CHOICE investigation: The energy bill tactic that could be costing consumers $171 a year

May 21, 2025

CONSUMER group CHOICE has submitted its first designated complaint to the ACCC, asking the regulator to investigate energy retailers for potentially misleading consumers through how they describe and promote plans.

CHOICE CEO, Ashley de Silva, said the complaint focuses on how energy retailers are describing energy plans.

“It shouldn’t be this hard to know if you’re being ripped off on your energy bill,” Mr de Silva said. “That’s why CHOICE is making its first official ‘super complaint’ to the ACCC about the way energy retailers are describing energy plans.

“We’re calling on the ACCC to enforce the law with strong court action to put an end to these dodgy practices costing consumers money.”

As part of the complaint, CHOICE collected almost 400 energy bills from supporters between January and March 2025.

The analysis revealed many retailers were re-using identical names for energy plans, despite offering them at different prices.

This could be seen on bills in the ‘Could you save money on another plan?’ section, which retailers are required to include in bills to customers.

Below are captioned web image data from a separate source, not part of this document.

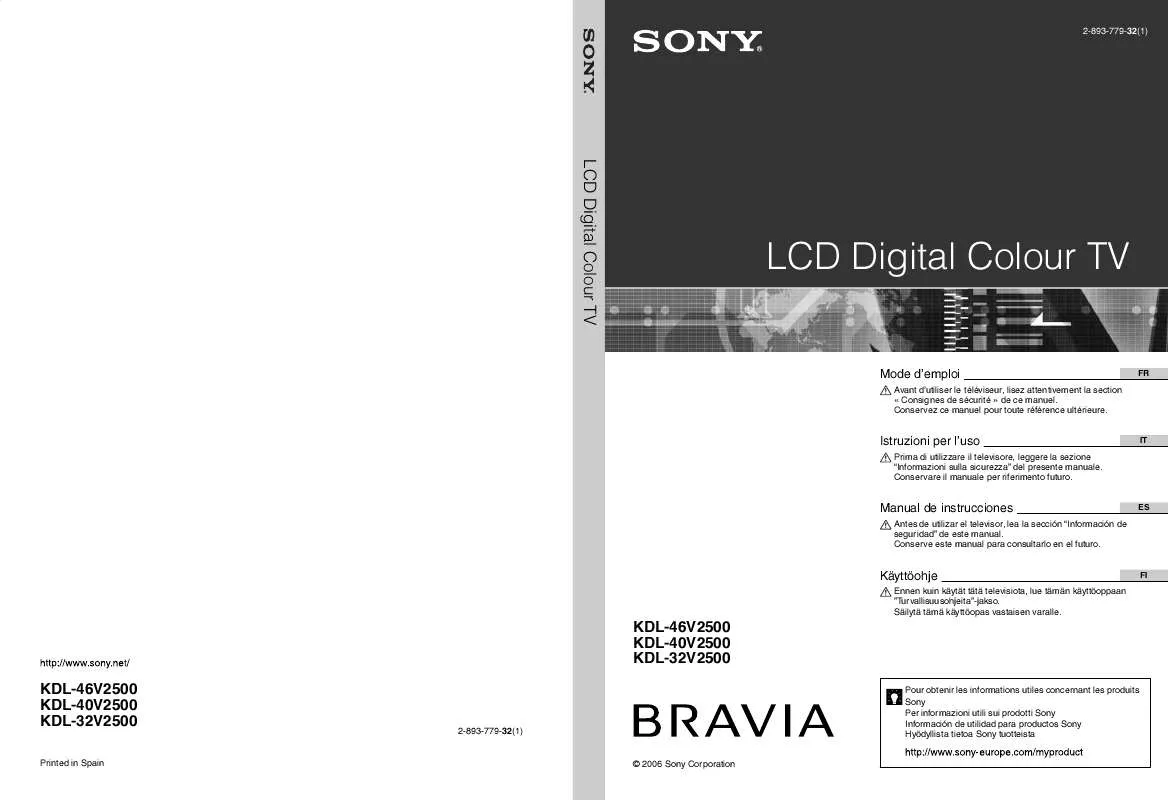 Mode d'emploi SONY KDL-40V2500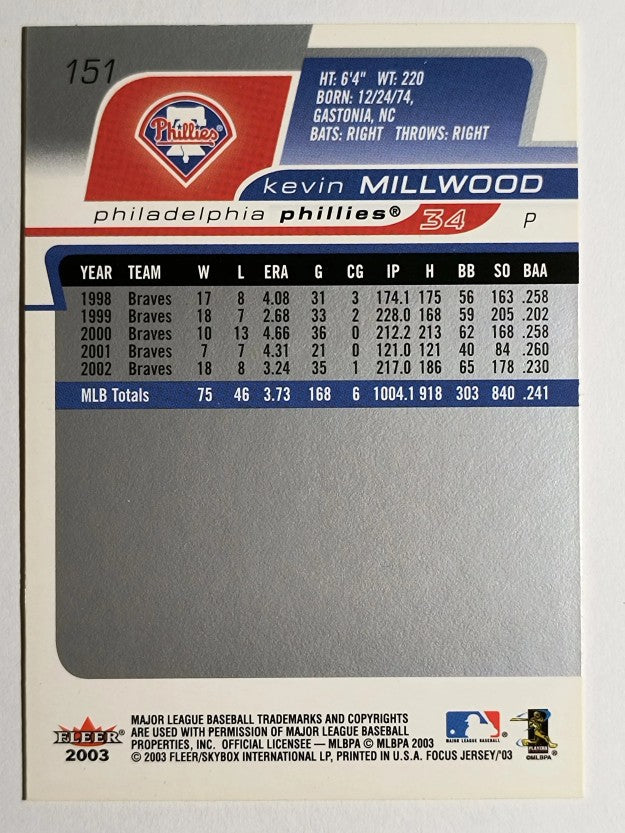 2003 Fleer Focus JE #151 Kevin Millwood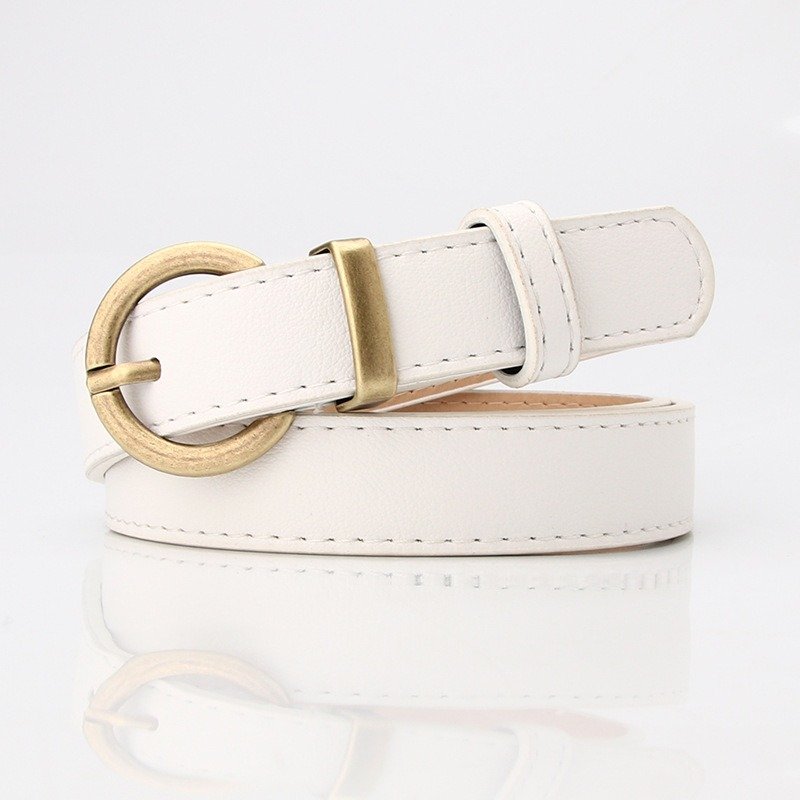 Belt With Golden Buckle Various Colors Cream Color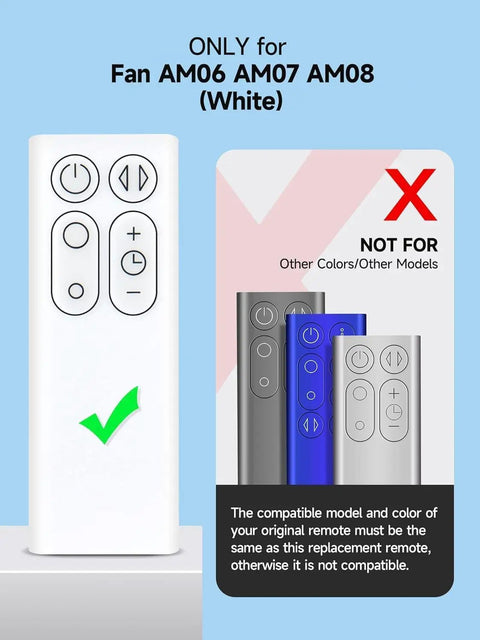 Replacement Remote for Dyson Fan AM06 AM07 AM08 Silver Finish Works with Your Dyson Model 965824-01 965824-02, white remote shown.
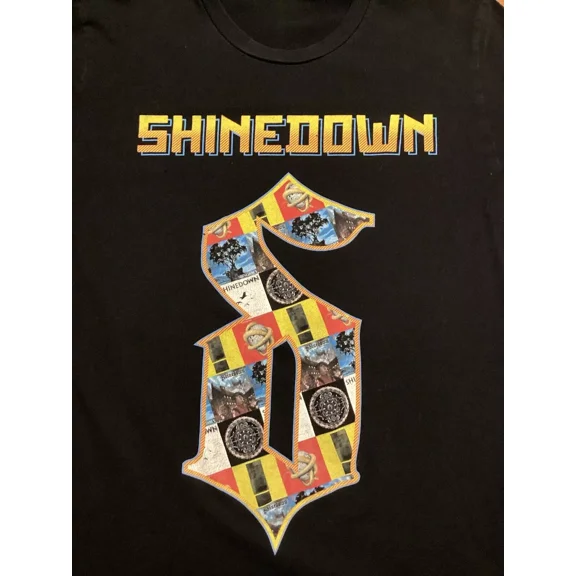 RARE Shinedown Tour Band Black Unisex Cotton T-Shirt BS033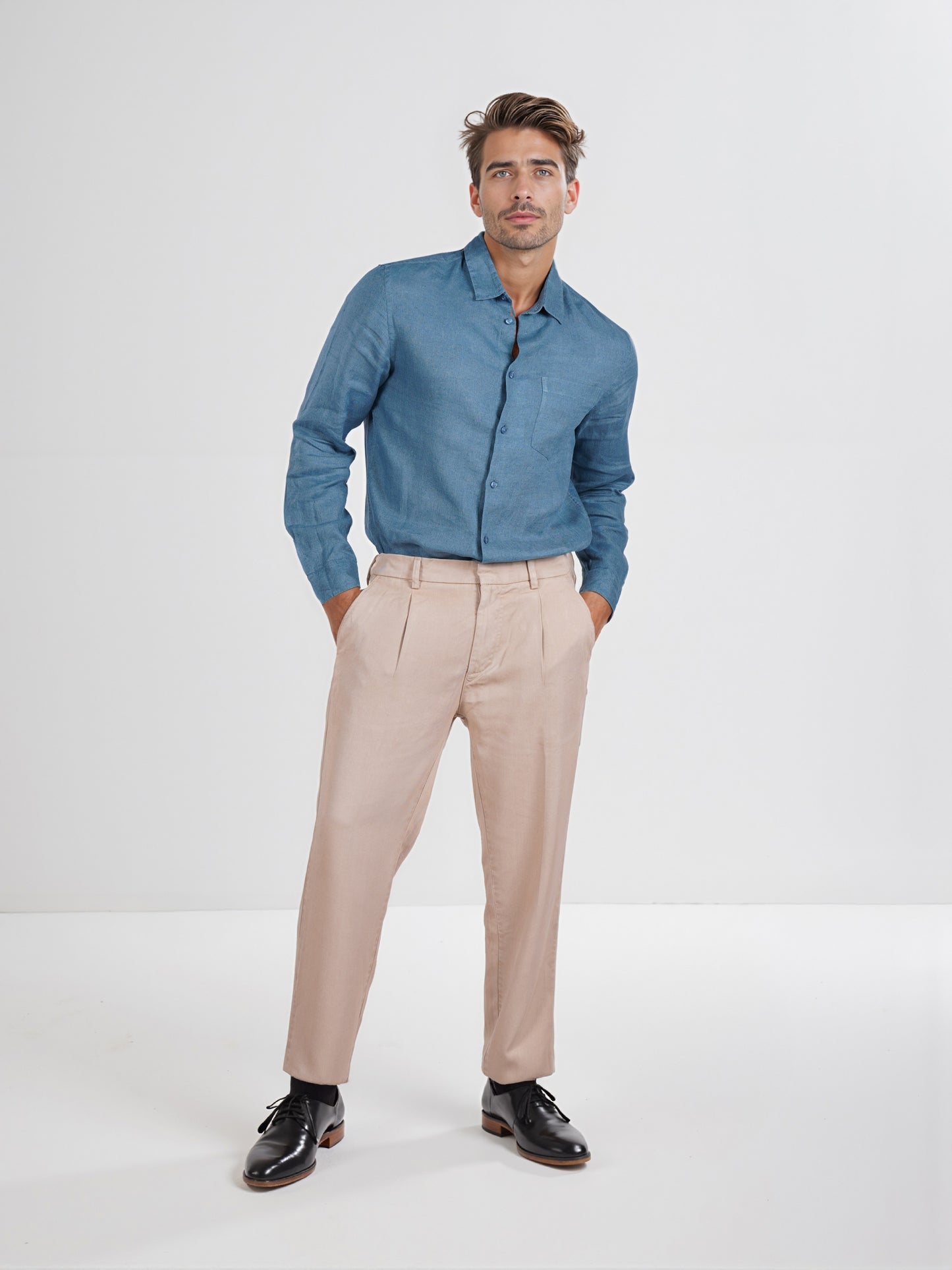 Celio* Men Beige Straight Fit Viscose Rayon Tencel Trouser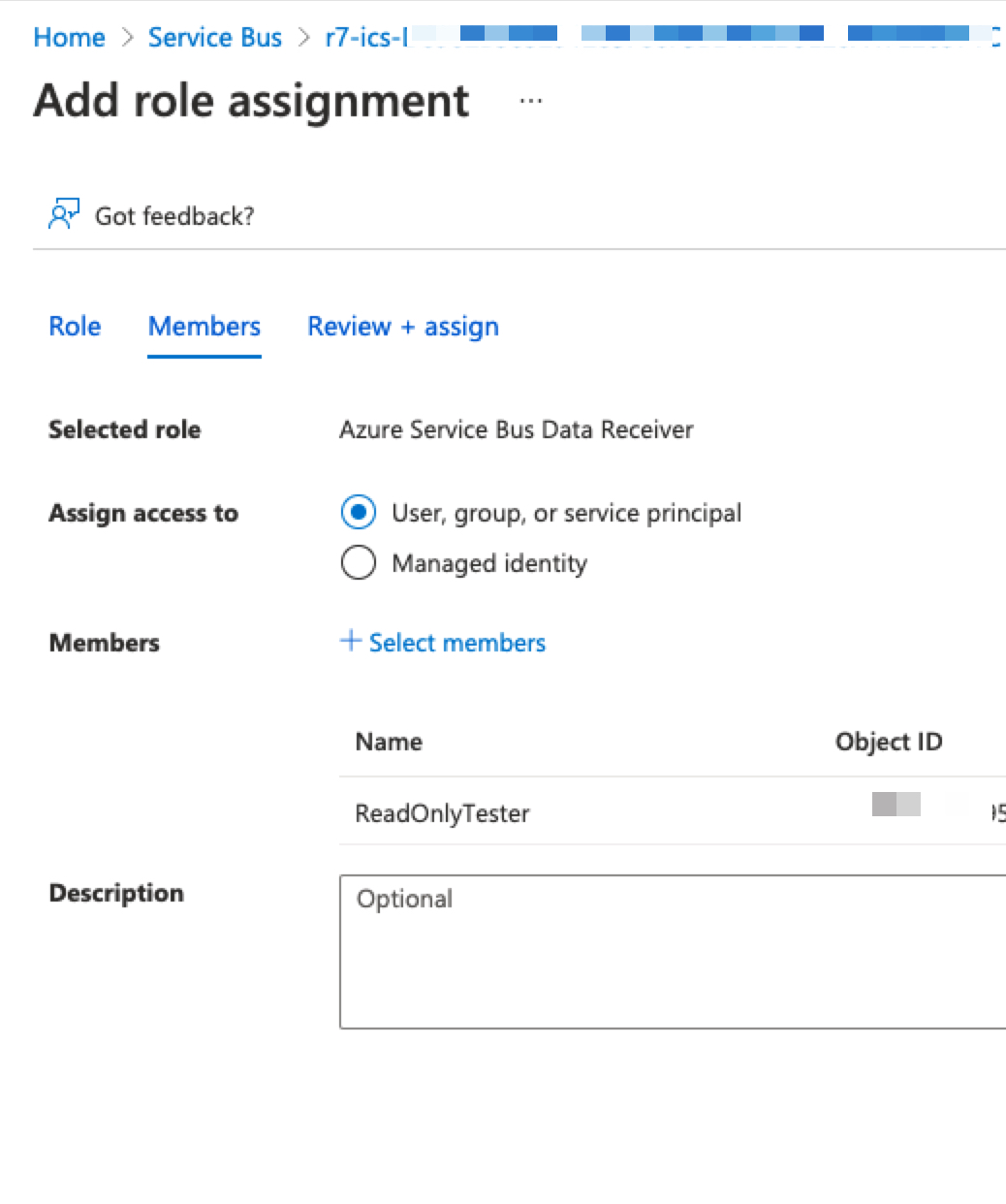 Azure Console - Adding a Role Assignment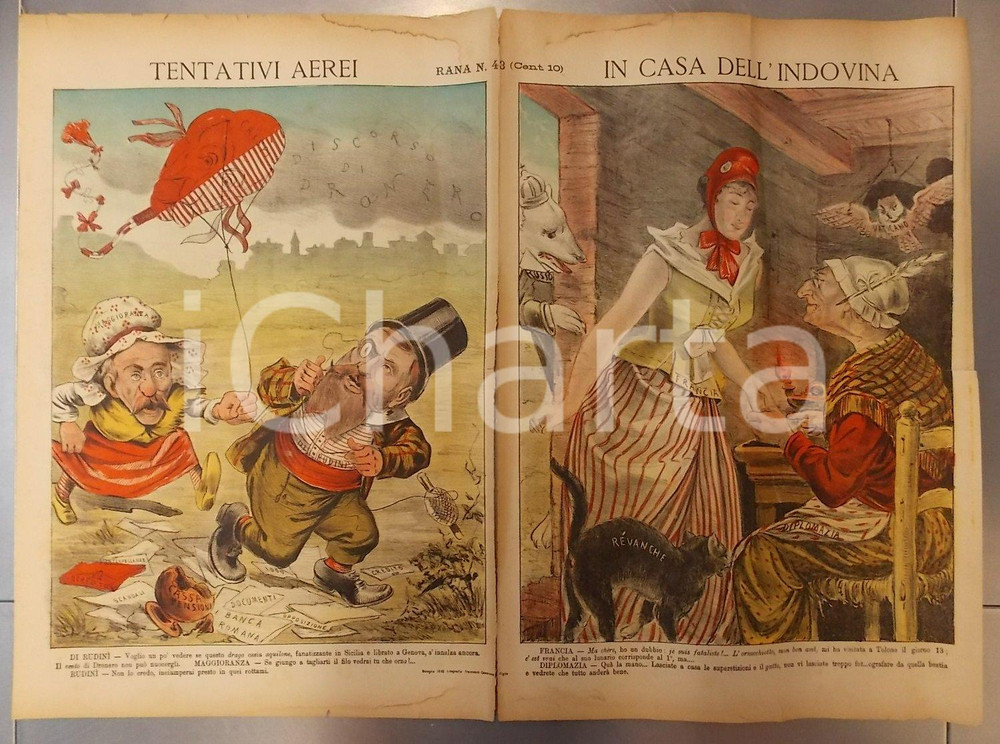 Giornale, rivista storica 1893 BOLOGNA Settimanale LA RANA La FRANCIA in casa dell indovina Satirico 1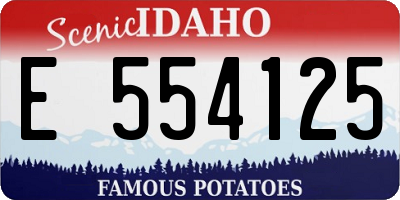 ID license plate E554125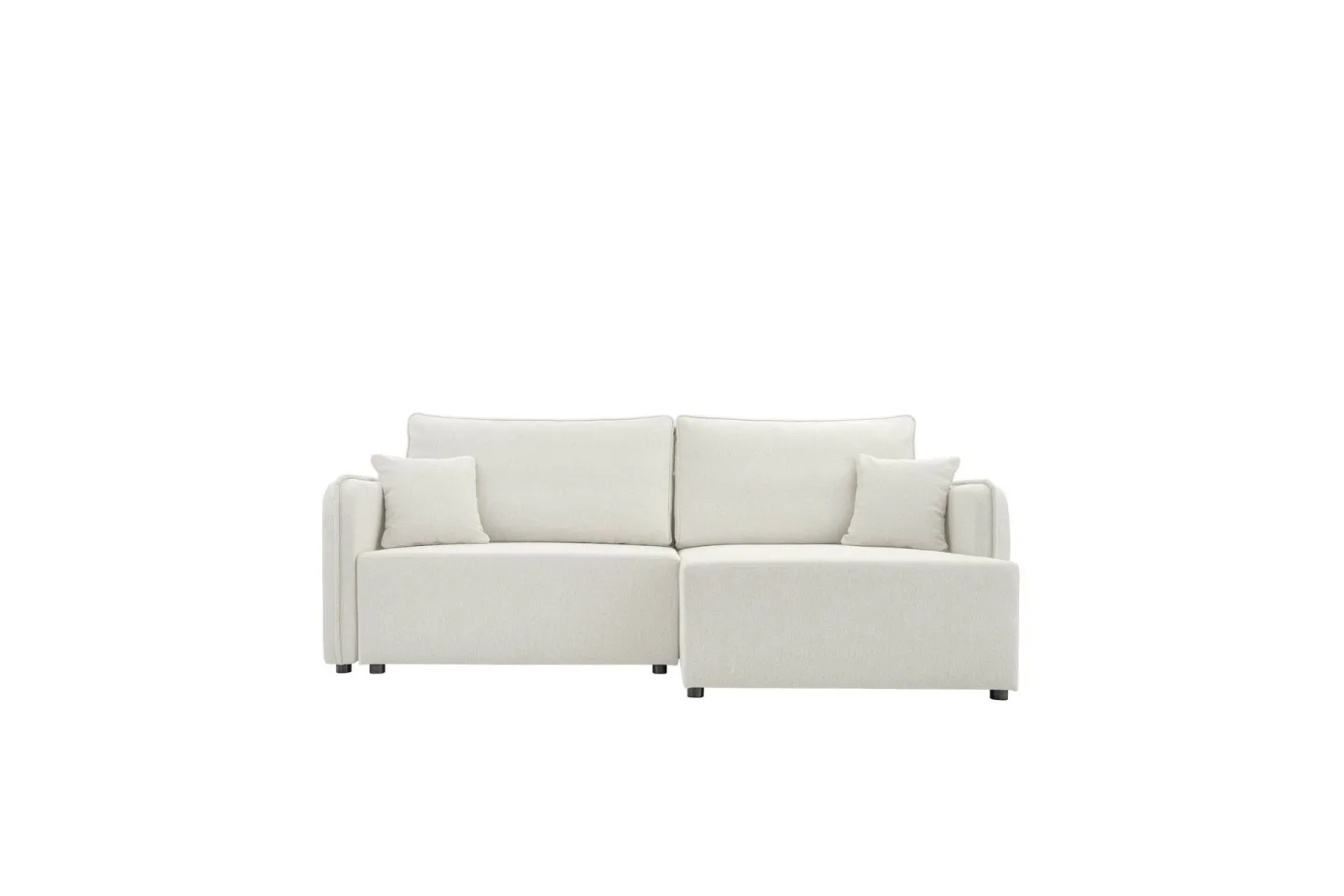 Chandru Bäddsoffa med Divan 3-sits i Plysch - Beige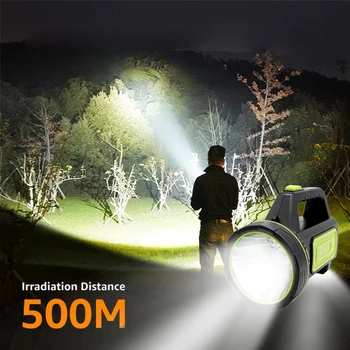 

XUNATA USB Portable Searchlight With Battery Strong Led Work Light Rechargeable Safety LED Rechargeable Flashlight Lampara Led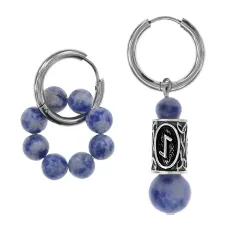 Серьги Конго с руной Эйваз и нат.камнем Содалит SEC-04-21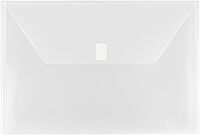 JAM PAPER Plastic Booklet Envelopes with Hook & Loop Closure - Pack of 12
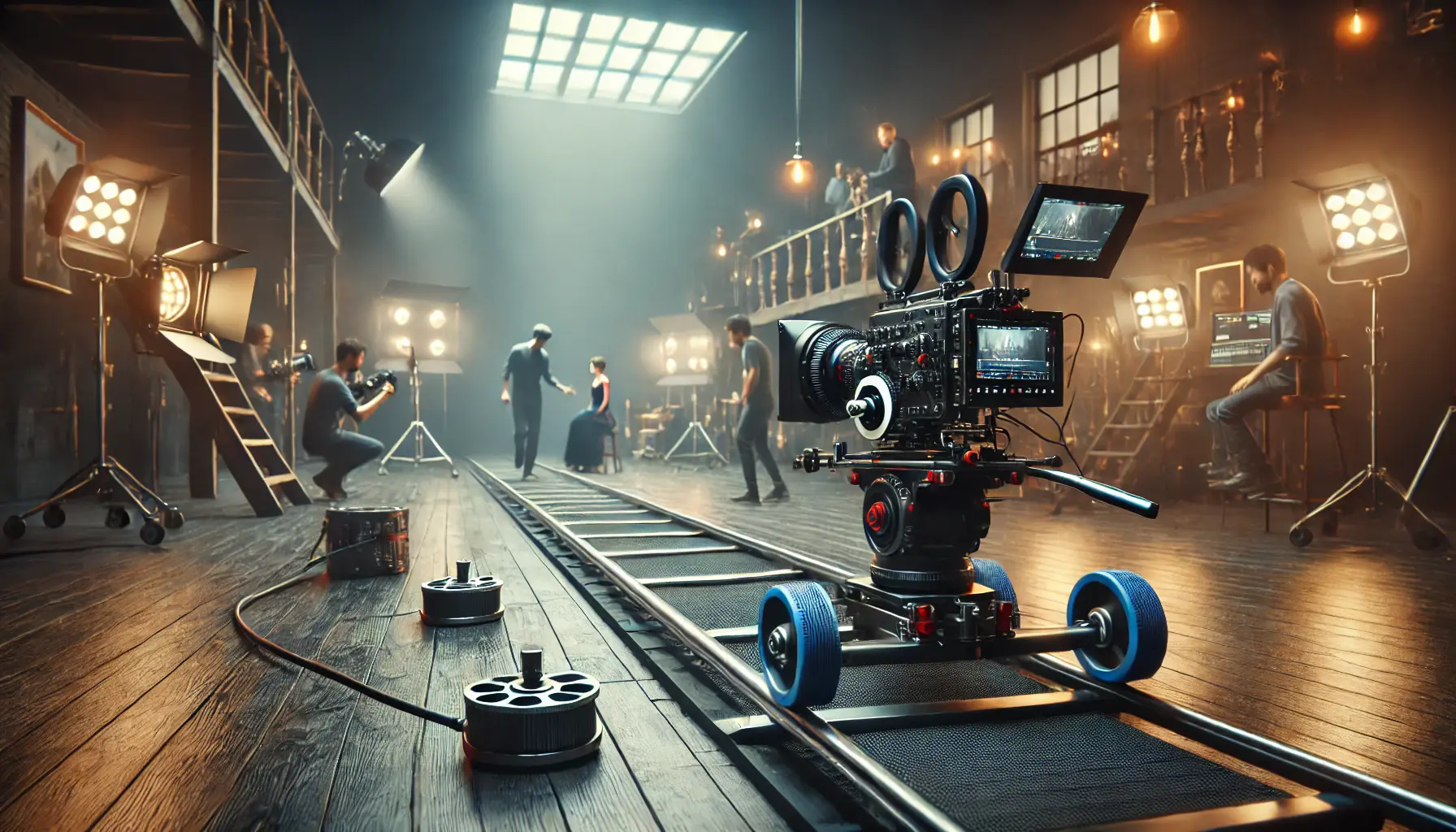 A film set with a camera on a dolly track, directed towards an actor performing a scene with dynamic camera movement.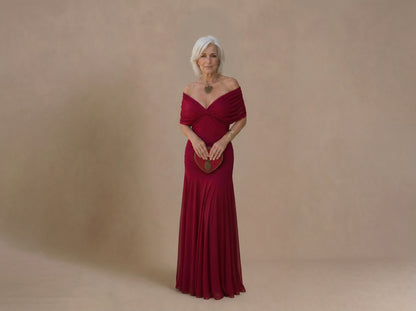 Vestido Largo de Gasa Elegante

Several bills informed consumers they could save money by switching to a plan with the same name as their existing plan.

Many consumers reading this information were led to believe they were already on the best plan because the names were identical, potentially missing out on savings as a result.

“Amongst the energy bills we collected, we found 64 examples of retailers telling consumers to switch to a plan with the same name,” Mr de Silva said.

“Across these 64 examples, people could have saved an average of $171 annually had they switched to the cheaper plan, even though it had the same name.

“The highest potential savings amongst these examples was $588 per year,” he said.

“The potential impact of this practice is significant. CHOICE estimates that reusing identical names for plans with differing prices could, in aggregate, be costing consumers approximately $65 million in savings.”